Features for DataSet 1:- Feature Columns id - Unique ID for each home sold date - Date of the home sale price - Price of each home sold bedrooms - Number of bedrooms bathrooms - Number of bathrooms, where .5 accounts for a room with a toilet but no shower sqft_living - Square footage of the apartments interior living space sqft_lot - Square footage of the land space floors - Number of floors waterfront - A dummy variable for whether the apartment was overlooking the waterfront or not view - An index from 0 to 4 of how good the view of the property was condition - An index from 1 to 5 on the condition of the apartment, grade - An index from 1 to 13, where 1-3 falls short of building construction and design, 7 has an average level of construction and design, and 11-13 have a high-quality level of construction and design. sqft_above - The square footage of the interior housing space that is above ground level sqft_basement - The square footage of the interior housing space that is below ground level yr_built - The year the house was initially built yr_renovated - The year of the house’s last renovation zipcode - What zip code area the house is in lat - Lattitude long - Longitude sqft_living15 - The square footage of interior housing living space for the nearest 15 neighbors sqft_lot15 - The square footage of the land lots of the nearest 15 neighbors

Features for DataSet 2:- The data contains the following columns: 'Avg. Area Income': Avg. Income of residents of the city house is located in. 'Avg. Area House Age': Avg Age of Houses in the same city 'Avg. Area Number of Rooms': Avg Number of Rooms for Houses in the same city 'Avg. Area Number of Bedrooms': Avg Number of Bedrooms for Houses in the same city 'Area Population': Population of city house is located in 'Price': Price that the house sold at 'Address': Address for the house

Results Obtained for DataSet1:- Price Predicted for a new household by Deep-Learning Model:- 240484.28$ Price Predicted for a new household by Linear Regression Machine-Learning Model:- 251823.61285049$ True-Price of a Household:- 221900.0000$

Explained_variance_score by Deep-Learning Model:- 0.7311228904420886 Mean_absolute_error by Deep-Learning Model:- 120495.98588083526 Rootmean_squared_errorby Deep-Learning Model:- 203279.77519179252

Explained_variance_score by Linear Regression Machine-Learning Model:- 0.6951152537006628 Mean_absolute_error by by Linear Regression Machine-Learning Model:- 123998.57212893506 Rootmean_squared_errorby by Linear Regression Machine-Learning Model:- 201080.55278529544

So,the overall performance of deep-learning model looks better since it's variance score is close to 0.73 while variance score of linear regression model is 0.7 and that is because of the hidden-layers role,adam optimizer in order to update weights and learning rate.
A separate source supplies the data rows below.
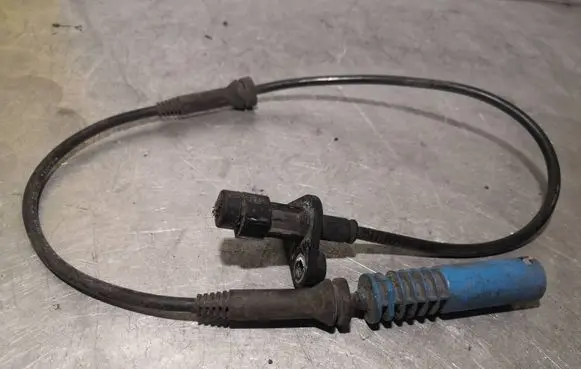 BMW 5 E39 ABS brake wheel speed sensor 61126908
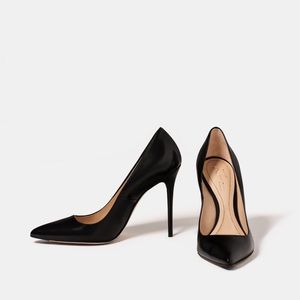 NWT size 35/5/5.5 Black leather stiletto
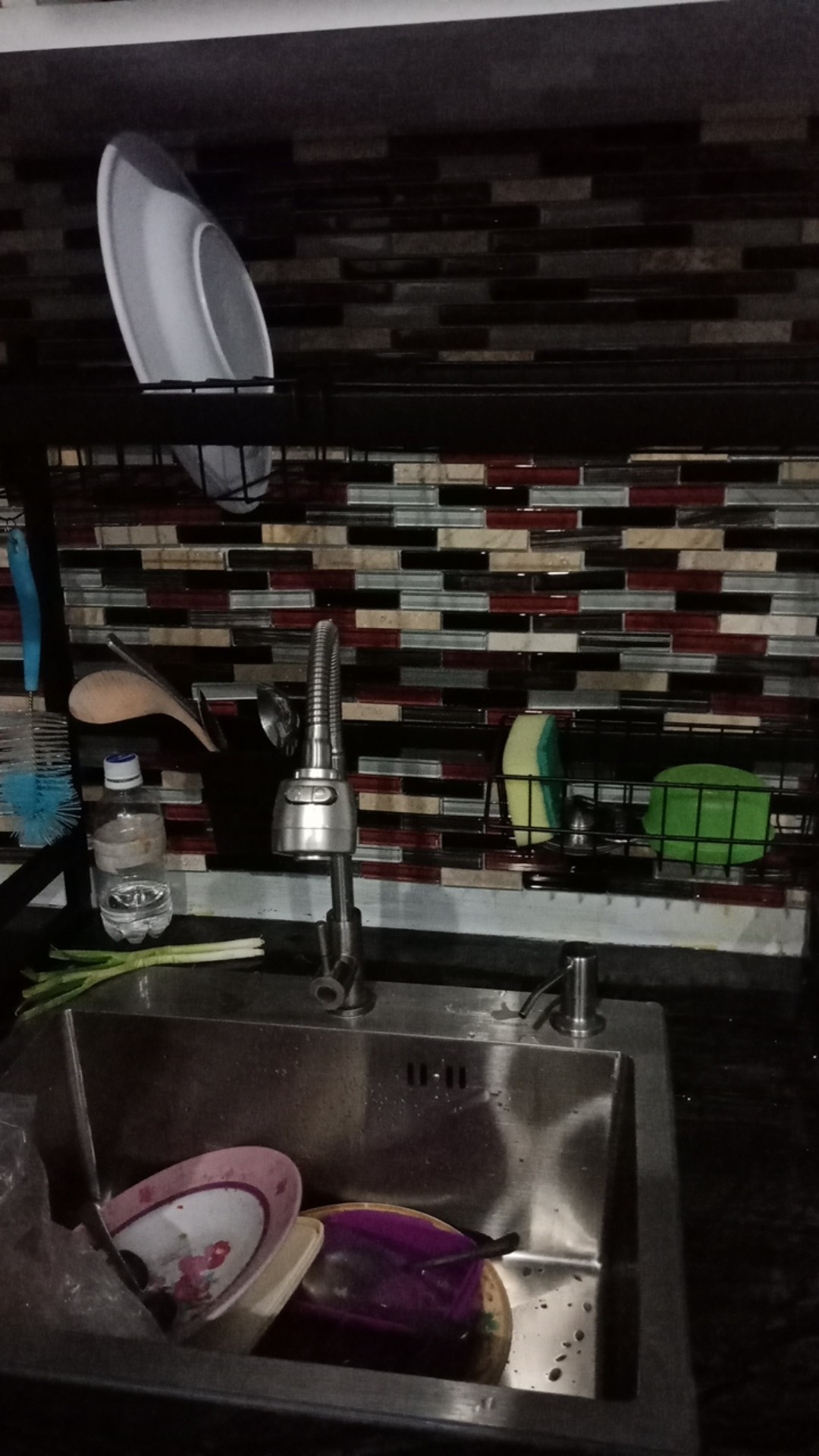 Es Rak Dapur Hitam Rak Wastafel Rak Piring Dan Peralatan Dapur 65cm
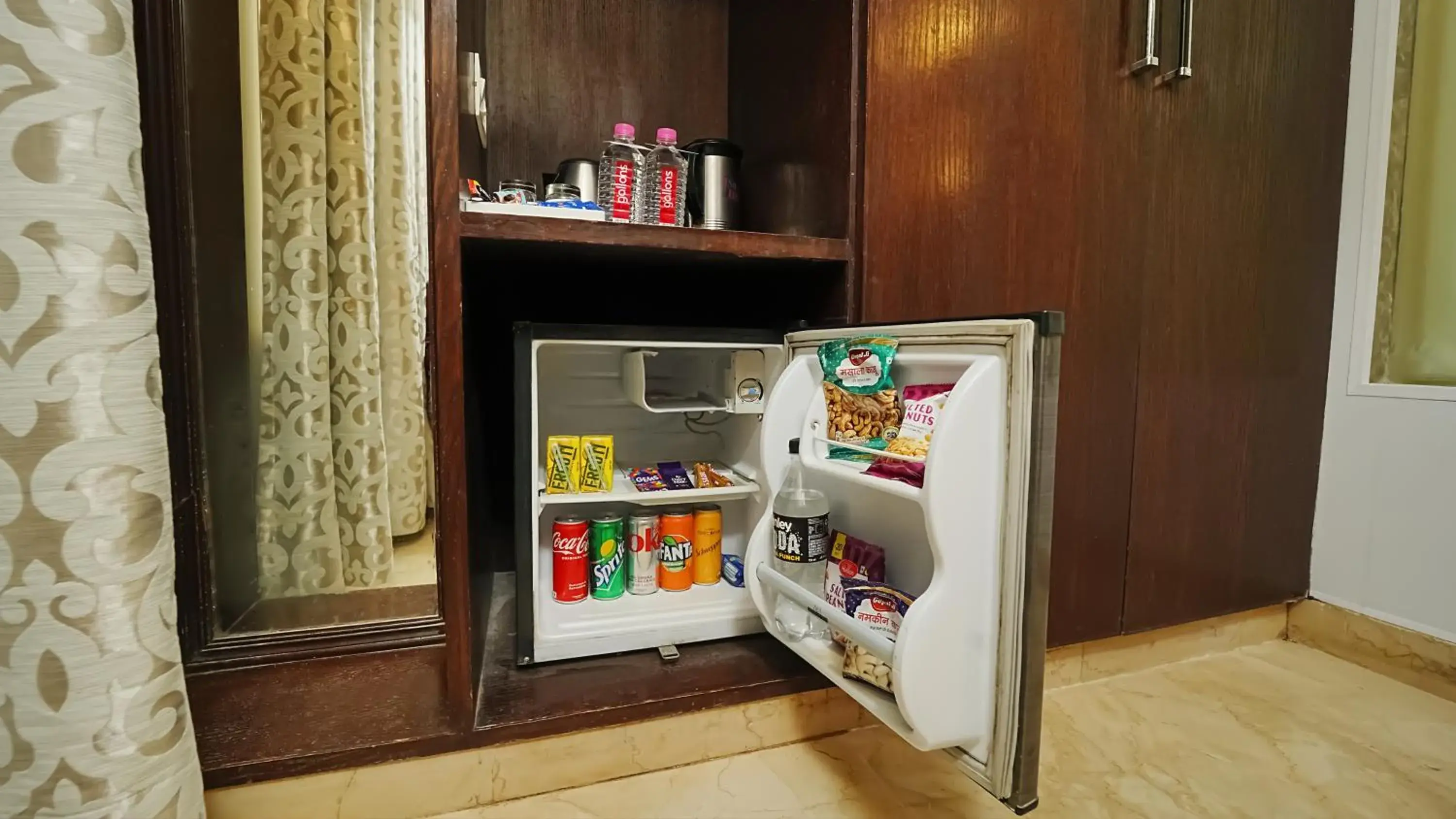 oven in Hotel Atulyaa Taj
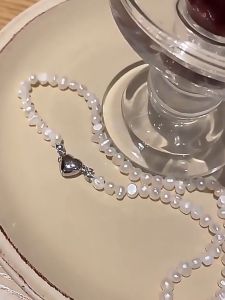 【Bestella✨COD】Kalung Mutiara Wanita All-Match Cinta Magnet Gesper Desain Rasa Rantai Tulang Selangka Aksesoris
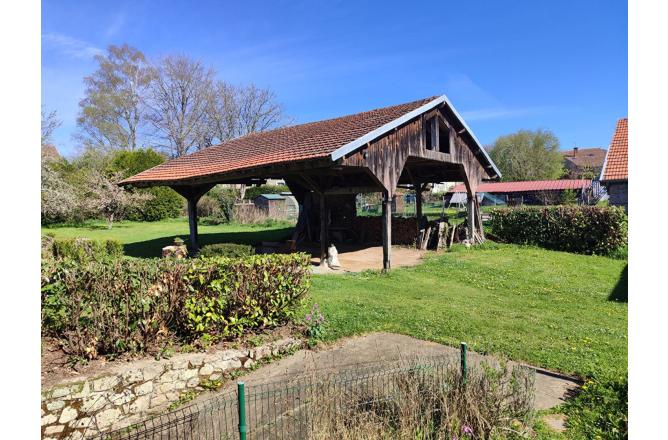 Propriété Maison principale et dépendances sur 2000 m2 de terrain - I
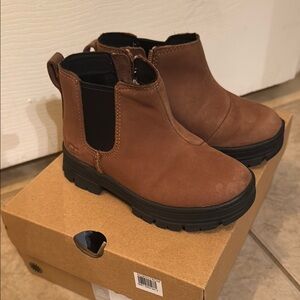 UGG Tan Leather Chelsea Boots
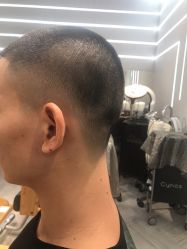 -苏豪路易士·嘉玛发廊
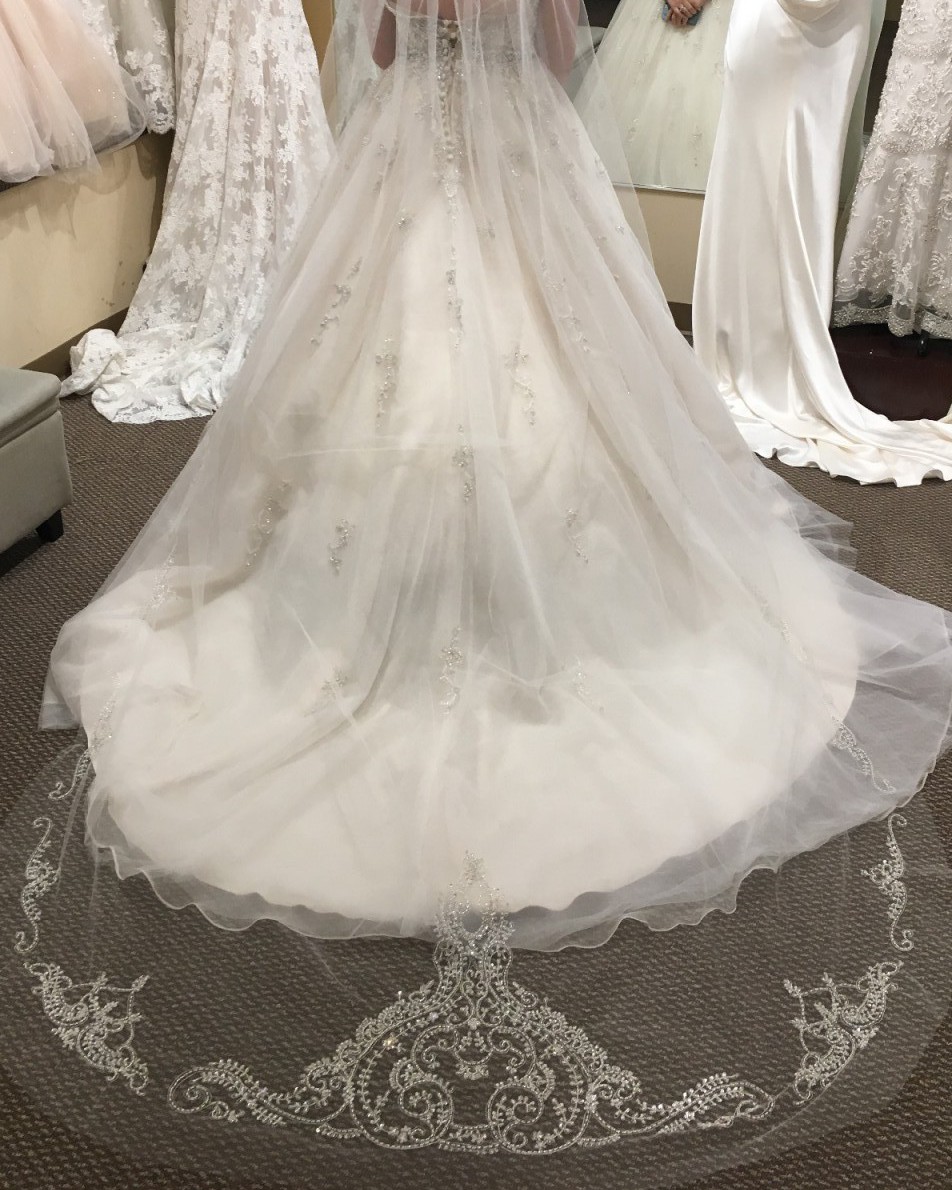 open lace back dress Off the Shoulder Crystal Princess Ball Gown Sequins Bridal Gowns main image 1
Also losses error function is less in case of deep-learning model which makes it suitable for use. Keep in mind we have to do proper scaling of features along with drop-out and early stage so as to avoid data-leakage and over-fitting in our result.For verification, we can also R2_score.

Results Obtained for DataSet2:- Price Predicted for a new household by Deep-Learning Model:- 1258693.8$ Price Predicted for a new household by Linear Regression Machine-Learning Model:- 1225941.63882637$ True-Price of a Household:- 1059033.5578701235$

Explained_variance_score by Deep-Learning Model:- 0.8736528317018113 Mean_absolute_error by Deep-Learning Model:- 101834.50999175698 Rootmean_squared_errorby Deep-Learning Model:- 127143.77013354731

Explained_variance_score by Linear Regression Machine-Learning Model:- 0.9178179926151777 Mean_absolute_error by by Linear Regression Machine-Learning Model:- 82288.22251914963 Rootmean_squared_errorby by Linear Regression Machine-Learning Model:- 102278.82922291271

So, the overall performance of the linear regression model looks better since its variance score is close to 0.92 while the variance score of the deep-learning model is 0.87 and that is because of the number of features involved in deciding the price of a house is less as compared to the previous dataset. And the true price is nearer to both the values predicted by the following models, so in this particular case, one can use any of the models. For verification, we can also R2_score.